**REQUIREMENT:** Would you transcribe the lines running from the one that holds "عینک طبی اسپای" to the last line of the records? Leave every picture out.

INPUT Start Marker

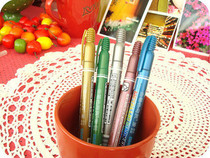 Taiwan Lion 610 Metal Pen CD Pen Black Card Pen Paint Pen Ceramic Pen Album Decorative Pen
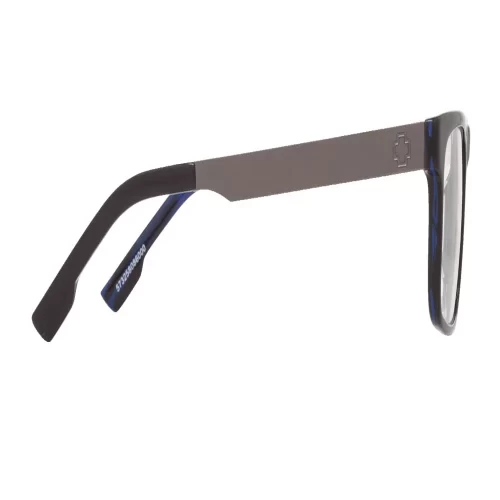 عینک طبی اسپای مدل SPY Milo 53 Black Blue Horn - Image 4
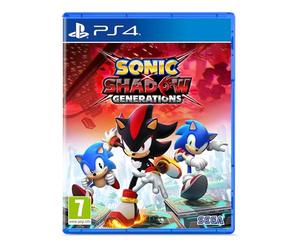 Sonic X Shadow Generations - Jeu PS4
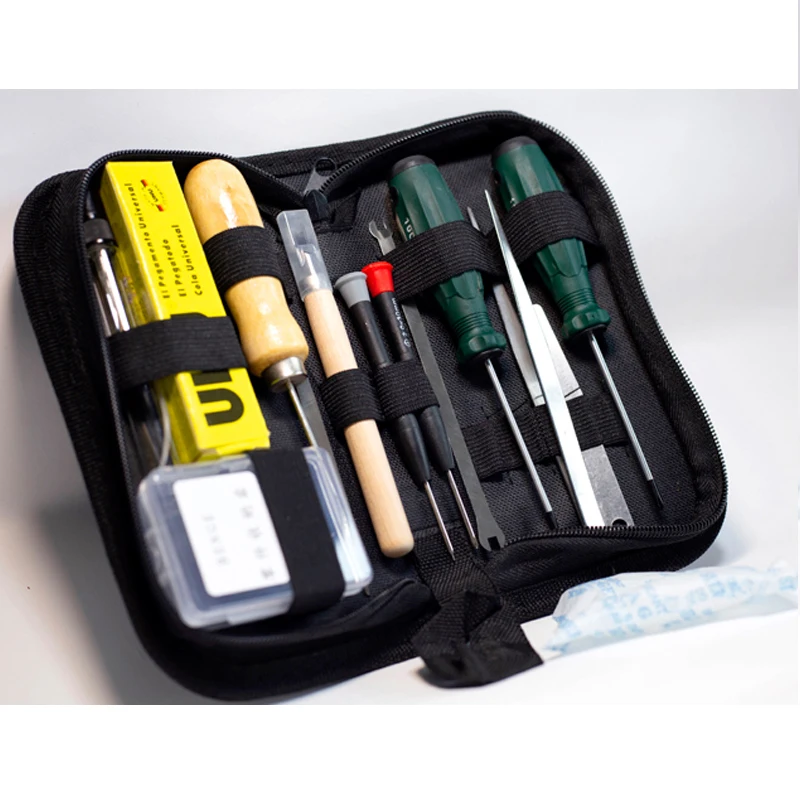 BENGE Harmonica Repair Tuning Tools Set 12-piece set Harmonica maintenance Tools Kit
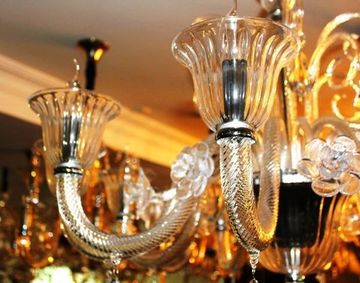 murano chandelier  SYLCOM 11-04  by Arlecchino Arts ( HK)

INPUT End Marker

**RESULT FOR THIS EXERCISE:**
 عینک طبی اسپای مدل SPY Milo 53 Black Blue Horn - Image 4
 Sonic X Shadow Generations - Jeu PS4
 BENGE Harmonica Repair Tuning Tools Set 12-piece set Harmonica maintenance Tools Kit
 murano chandelier  SYLCOM 11-04  by Arlecchino Arts ( HK)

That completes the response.